19 February 2013
KOKOMO, Ind. — Marilyn Skinner was inspired to reach for leadership roles by the principal at Bon Air Elementary School, where she began her teaching career.
Nearly 50 year later, Skinner, director of Indiana University Kokomo's Center for Early Childhood Education, inspires others with her dedication to preparing Howard County's youngest residents to succeed when they go to kindergarten. She is a leader in the community as well, volunteering with organizations including Altrusa, Rotary Club, Partners in Education. She led the 2013 United Way of Howard County campaign as chairperson, and surpassed the fund raising goal of $1.8 million.
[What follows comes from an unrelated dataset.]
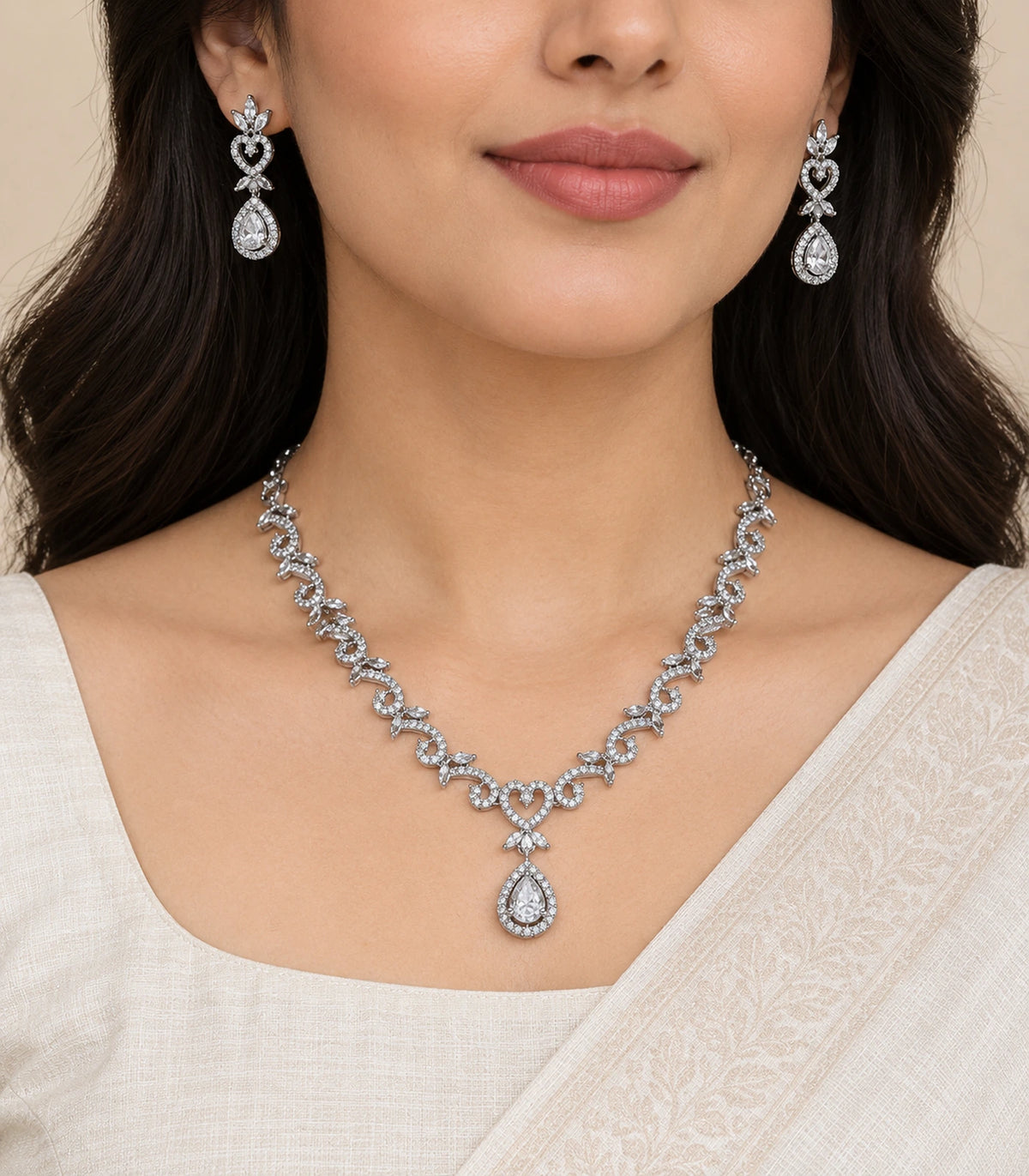 Silver-tone clear necklace and matching heart teardrop earrings worn together; eyes outside frame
She has earned numerous accolades for her work, most recently as an Indiana Women of Achievement award winner for Distinction in Early Childhood Education. The award was given by the College of Sciences and Humanities at Ball State University.
"I don't do this for recognition," Skinner said. "I just have a passion for helping people with my God given talents. It's a great reward, and you always feel satisfied."
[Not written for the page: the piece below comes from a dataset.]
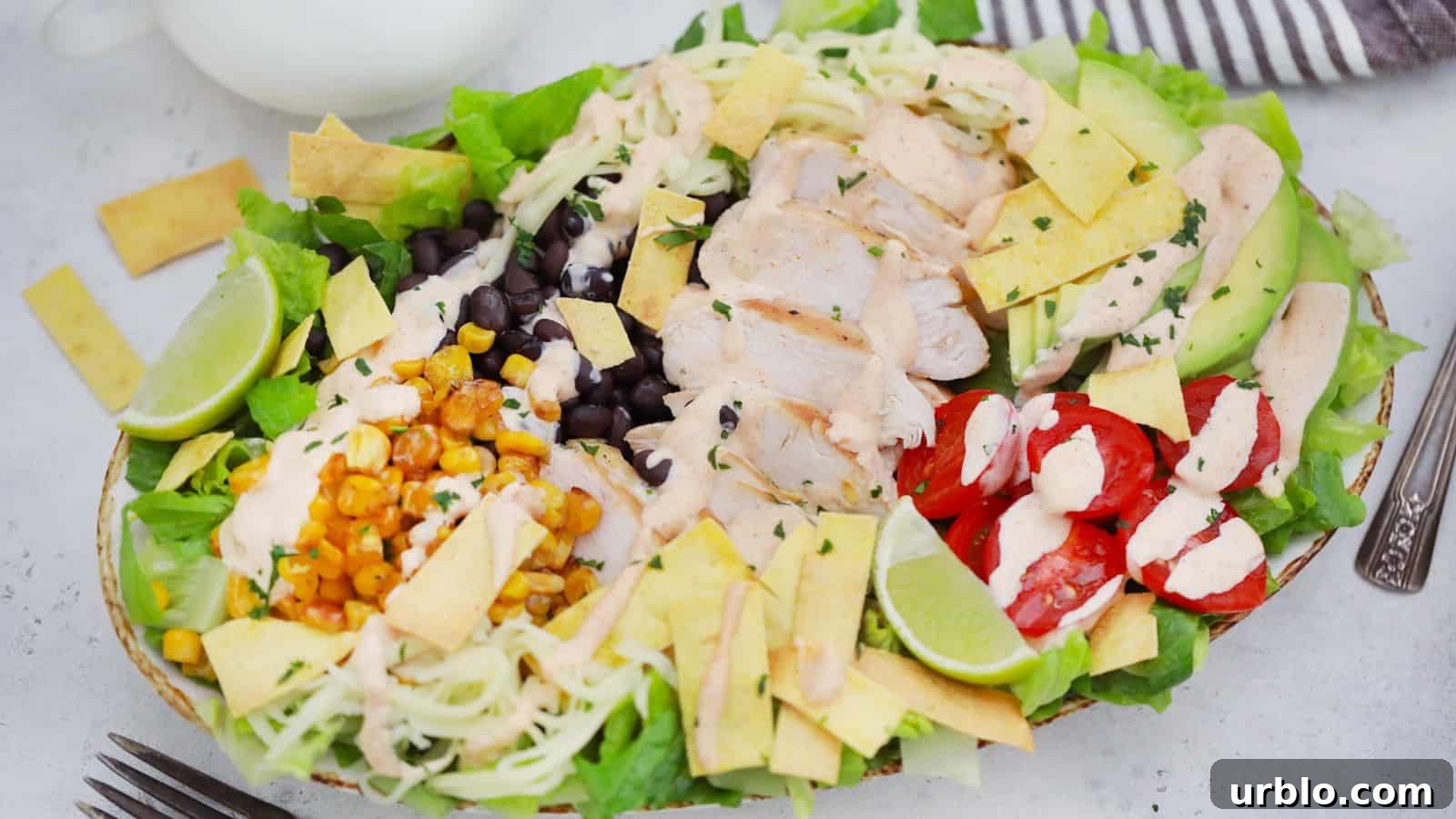A colorful chicken salad with avocado, black beans, corn, cherry tomatoes, and lime slices, presented in a white bowl.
She is also happy that there is greater awareness of the importance of early childhood education in preparing children to succeed beyond preschool.
"I've been preaching from the hilltops how important it is," she said. "It's gratifying to see the state and local governments recognize it as well."
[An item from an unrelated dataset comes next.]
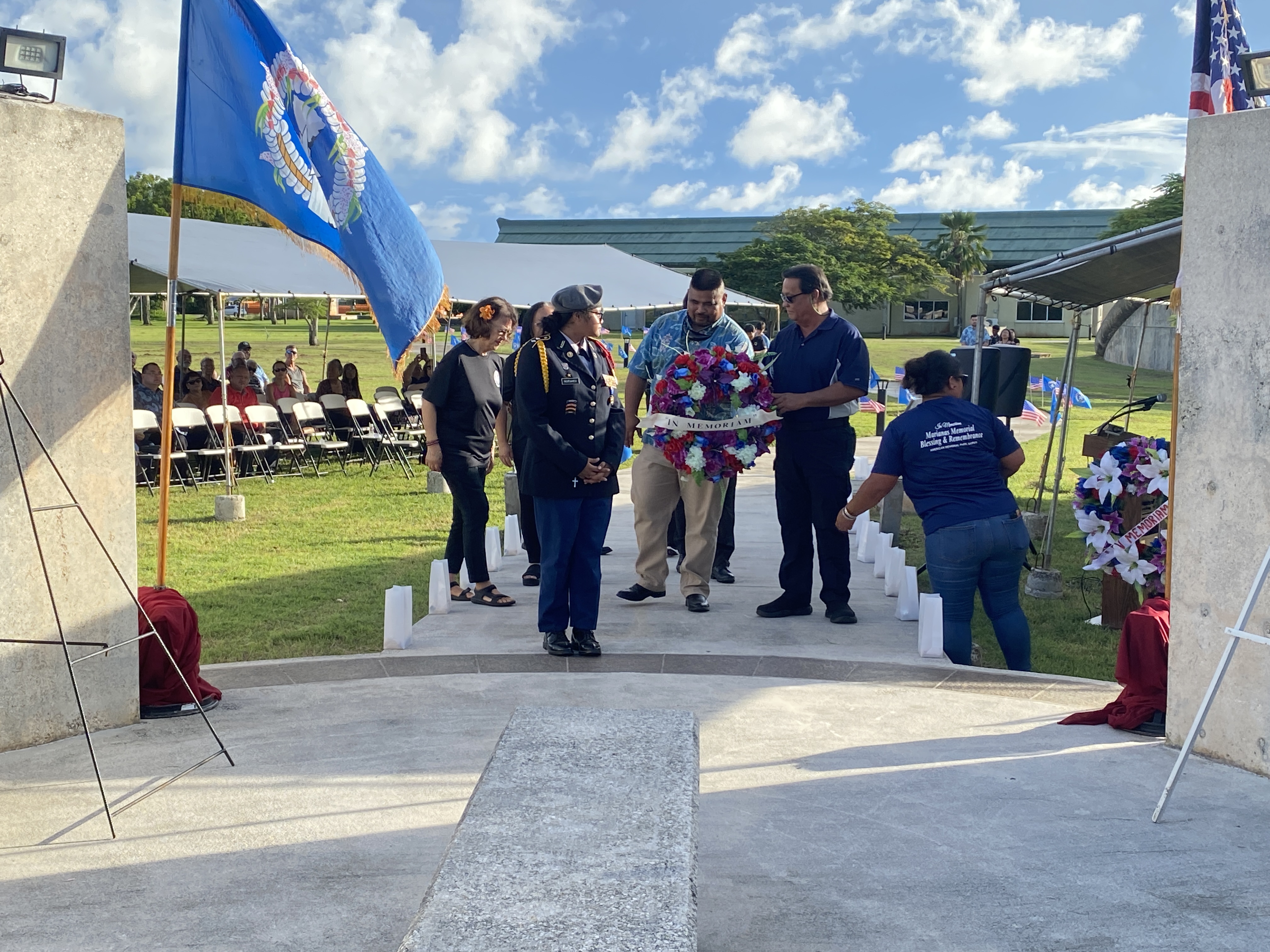 Northern Islands Mayor Valentine Taisacan, left, and Saipan Mayor RB Camacho, right, approach the Marianas Memorial Courtyard to lay a wreath. 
Skinner also was interviewed as a woman in leadership for a university-sponsored study, with the purpose of seeing what traits successful female leaders have in common.
"I am glad to help, to give a hand up to young women, and show them how they can get into leadership," Skinner said.
Skinner could never have imagined she would emerge as a strong leader when she began her teaching career.
"I was comfortable in front of little kids, but not with adults," she said, adding that her principal kept giving her larger and larger leadership roles, helping build her comfort level working with her peers.
She moved from the classroom into administration, with the distinction of being the first woman to serve as an assistant principal, principal, and assistant superintendent in the Kokomo schools. After retiring, she worked part-time for Head Start, and then supervised student teachers for three universities before deciding it was time to "really retire."
She planned to serve as director of the early childhood center for a few months when it first opened, funded by a $1.5 million Lilly Endowment grant. Nearly eight years later, she is still there, and recently received a two-year grant extension, as her careful planning means the center has not yet expended the funding.
Her goal is to grow community financial support for the center, so it can continue operations when the grant funding is gone.
"I believe our community realizes that our children needs the resources we offer, to help parents do their best as their child's first teacher," she said. "I want the center to always be available, and always be free."
Indiana University Kokomo serves north central Indiana.